FROM my end of the food chain, there is a long way to go. The Campaign to Protect Rural England (CPRE) says that a higher percentage of supermarket sales should come from local food supplied within a 30-mile area.
In response, the Big Seven – Tesco, Asda, Morrisons, Sainsbury’s, Waitrose, Co-op and Marks & Spencer – insist they are doing everything in their power to seek out, sell and promote produce sourced locally. This might well be the case, but from where I’m shopping, they must try much harder to tell us about it.
When was the last time you went to the supermarket and fell over in the aisles at the choice of locally-produced fruit, vegetables, meat, bread, cheese and other goodies? When you walk through that door, you’re more likely to be hit by a wall of kitchen roll on two-for-one than a tempting display of carrots fresh from a farmer’s field up the road. If you’re a supermarket manager busily putting together a big push on local lamb this morning, forgive me. I swear though, the last time I noticed any kind of special local promotion in my usual store, it was at Christmas time. And it was for lemon curd.
Instead of being presented as a mainstream choice, too often local food is still regarded as strictly for the speciality aisle. It’s not that we’re disinterested in the provenance of what we eat; a recent poll by IGD, a grocery think-tank, found a growing demand for British food, especially among the young. Shoppers aged between 18 and 24 are now twice as likely to buy British than they were in 2007. No doubt the recent scandals in the food processing industry have made us think more carefully about what we put in our mouths.
That’s why there is no sustainable argument against local food. It’s just that too many of us think it’s not for the likes of us. “Local” has become synonymous with “expensive” and, ironically, “out-of-reach”.
We know it is desirable and good for us and the environment, but it has an image problem. For urban dwellers at least, “local food” has turned into a commodity which only foodies can afford to get excited about, while the rest of us rummage about in the BOGOFs and end-of-day reductions. It’s the fault not only of supermarkets, but TV chefs, over-inflated restaurant critics, and the kind of people who bang on about driving 15 miles to a farm shop, burning up the ozone layer, just so they can buy a bag of posh sausages to brag about at their barbecues.

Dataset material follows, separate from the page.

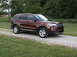 2016 Ford Explorer - This 2016 Ford Explorer is parked on a gravel driveway with grass and trees in the background.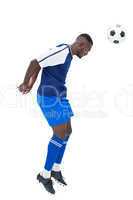 Football player in blue heading ball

Not that there is anything evil about farm shops, or farmers’ markets for that matter. The very opposite is true. These outlets provide a vital cog in our regional rural economy. The forward-thinking ones already do this, but it would be good if more reached out into the suburbs and towns, supplying other retailers, even opening their own branches.

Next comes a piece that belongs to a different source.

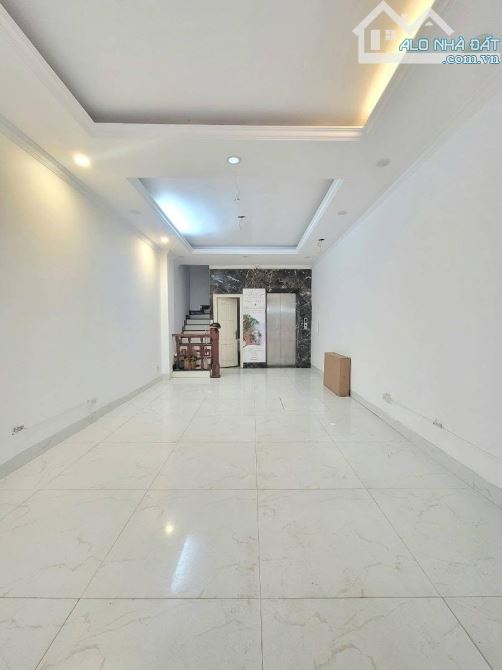 đống đa - 7 tầng thang máy - mặt ngõ thông - kinh doanh tốt - cạnh hồ  diện tích 50m2 x 7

What I say though is why can’t every market be a farmers’ market? We are so lucky in Yorkshire to have a market in almost every town and city. If only we asked, we might find that the butcher behind the counter knew the name of the pig he is now selling as pork steak. Yet how many of us are guilty of ignoring what smells so delicious right under our noses?

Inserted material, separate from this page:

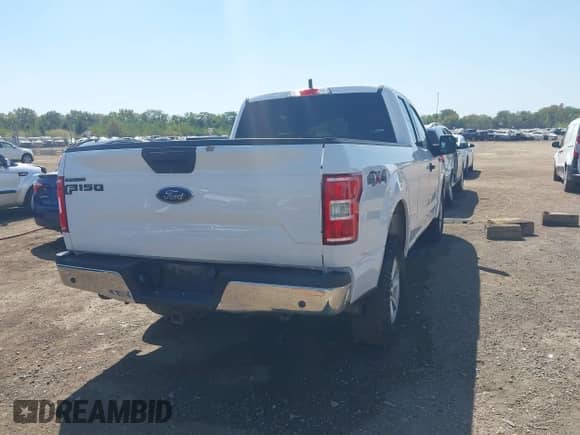 2018 Ford F-150 XL z VIN 1FTFX1E51JKE82628, wystawiony jako IAAI lot #43201475 z przebiegiem 79 461 mil mil oraz . Historia ofert i sprzedaży dostępna na DreamBid. Obrazek 16.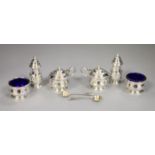 A George V silver six piece condiment set, with blue glass liners, Adie Brothers, Birmingham, 1927/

Supermarkets must definitely up their game, but if we want the local food we say we do, we’ve got to start thinking about what local really means. Shopping smart. Asking questions. Finding out where things come from. It’s not enough to tut at the Big Seven for not doing their bit. We have to become pro-active too.
And the great thing is, markets are democratic. Anyone, a pensioner with a bus pass, a student on their way to college, can call in.
No-one needs to make a special journey from one side of the county to the other. And of course, when people use markets, they thrive.
So much that is wrong with our town centres could be cured if only more people shopped in them.
Re-establishing those ancient trading links with local farmers and producers and shouting about it could divert much-needed trade back into town and contribute to retail regeneration. And it’s not just markets. Cafés and restaurants, which might have quietly been buying their goods and ingredients locally for years, would do well to remind their customers just what they are eating.
And don’t get me started on where school dinners come from. It’s enough to say that where possible, school cooks should find their ingredients locally. What better lesson to teach children about food than recognising the orchard where their apple pie started life? I know, I know, economies of scale and all that, but if supermarkets can start to get to grips with sourcing closer to home, school kitchens can too.
Local people deserve local food. Yes, there is a long way still to go, but every one of us should think about how we can become a link in that broken chain.